LAGOS (Capital Markets in Africa)  – Nigeria is leading a continent-wide drive to raise as much as $9 billion to help African nations fund projects including oil exploration, refineries and pipelines, the country’s oil minister said.

Africa’s largest oil producer is working with more than a dozen other nations grouped under the African Petroleum Producers Organization, or APPO, to raise $1 billion in start-up funding for the African Energy Investment Corp., Minister of State for Petroleum Resources Emmanuel Kachikwu said in an interview. At least half of this will come from private investors including venture capital companies, he said.

“The target is to be able to drive work-funding distribution in excess of $9 billion” over the coming year, Kachikwu said on the sidelines of an oil conference in Abuja. That includes start-up money and credit lines with financial institutions, he said.

Nigeria, which currently pumps about 1.75 million barrels of crude a day, is trying to revive APPO after decades of inactivity and poor collaboration within the African oil group.
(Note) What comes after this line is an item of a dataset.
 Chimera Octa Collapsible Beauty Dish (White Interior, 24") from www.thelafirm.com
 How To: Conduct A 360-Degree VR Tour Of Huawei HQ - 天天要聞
Producers on the continent have become “silos” and need to start collaborating more on transnational projects to boost development and protect the regional market, Kachikwu said.

OPEC Segment
Also a member of the Organization of Petroleum Exporting Countries, Nigeria is working to establish the 18-nation African group as a “mini-segment” of OPEC. African members would take a unified position on issues including oil prices, output cuts, project costs and funding, according to Kachikwu.

“I have done this informally through the last two years of OPEC such that whenever we go to Vienna, those who are OPEC members will meet with me first so we toe a common position,” he said, referring to meetings at the producer group’s headquarters. “What we have found out is that it has been very effective because suddenly the likes of Saudi Arabia and the rest find that they could no longer just roll off African support just like that.”

Nigeria is scheduled to hold a general election from Feb. 16, with President Muhammadu Buhari seeking a second term. His main challenger, Atiku Abubakar, has said that he would privatize the state-run oil firm, which he called a ‘mafia organization,’ if he is reelected. The Nigerian National Petroleum Corp. has a long-standing reputation for inefficiency and opaque management.